A 150-GHz Single-to-Differential LNA Adopting Wideband Gmax-Cores Based on Single-Ended Compact Lumped L-C-L and Differential Coupled-Line Embedding Networks

This work presents a high-gain and wideband 150-GHz LNA featuring a single-to-differential (S2D) topology. The S2D topology eliminates the need for a lossy balun in the input matching network, resulting in an inherent improvement of the achievable noise figure (NF). The proposed four-stage LNA is implemented based on high-gain and wideband $G_{\max }$ -cores. For a compact realization, the first-stage single-ended (SE) $G_{\max }$ -core uses lumped elements (L-C-L) within its embedding network. In addition, a pseudo-simultaneous noise and input matching (p-SNIM) technique is used to mitigate the tradeoff between gain and noise characteristics.

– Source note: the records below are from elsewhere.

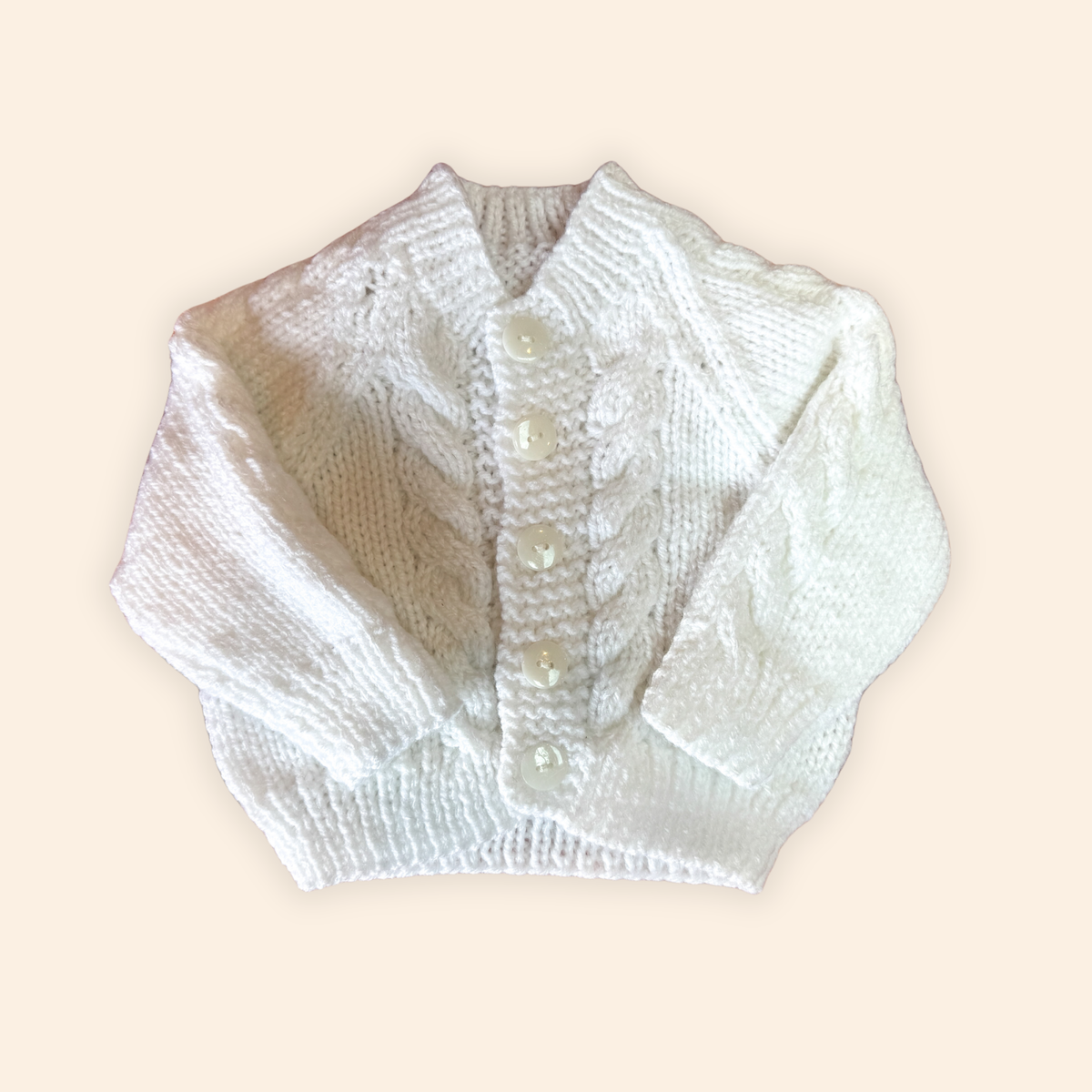 white 0-3 month hand knit cardigan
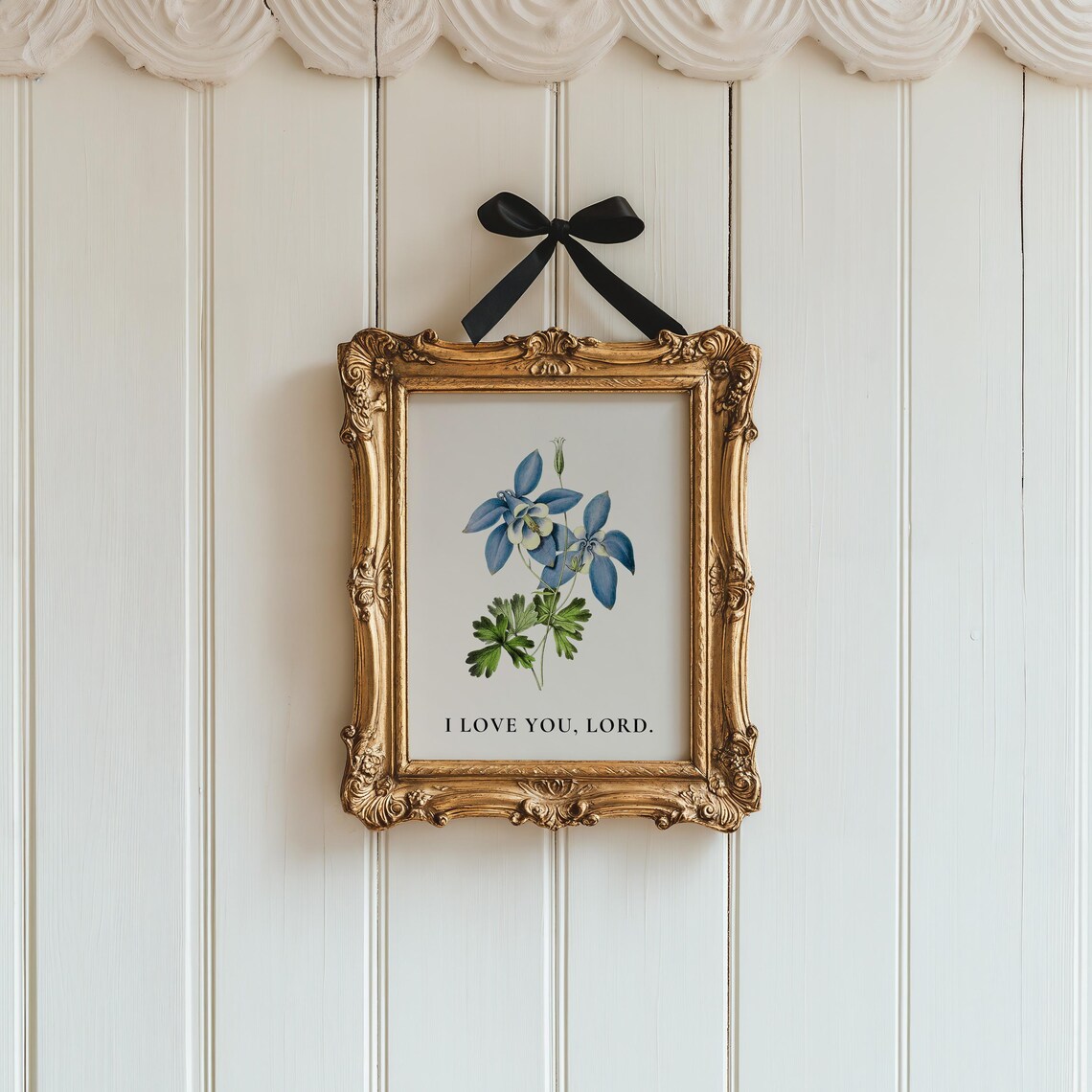 I Love You Lord Blue Columbine Botanical Scripture Flower Poster - Image 4
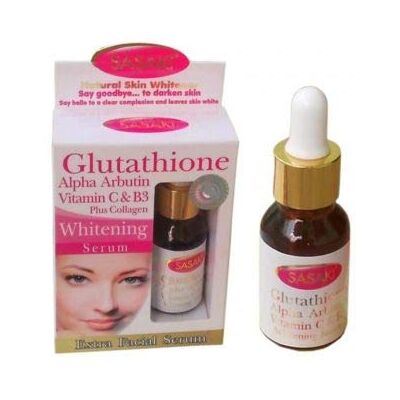 sasaki Sérum blanchissant pour la peau , GLUTATHIONE, ALPHA ARBUTINE, VITAMINE C, PLUS COLLAGÈNE sasaki Sérum blanchissant pour la peau , GLUTATHIONE, ALPHA ARBUTINE, VITAMINE C, PLUS COLLAGÈNE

Differential wideband $G_{\max }$ -cores in the subsequent stages use a coupled-line-based embedding network (CLEN) without any explicit capacitors. It helps simplify the dc biasing and generally enhances the tolerance to process variations with a compact form factor. Implemented in a 40-nm CMOS technology, the proposed LNA achieves a peak power gain of 20.0 dB, a 3-dB bandwidth of 18.8 GHz, a minimum NF of 4.9 dB, and a maximum OP_1dB/IP_1dB of −7.7/−22.4 dBm, respectively, while dissipating dc power of 19.6 mW. To the authors’ best knowledge, this work is the first implementation of an S2D LNA operating above 100 GHz using CMOS technologies.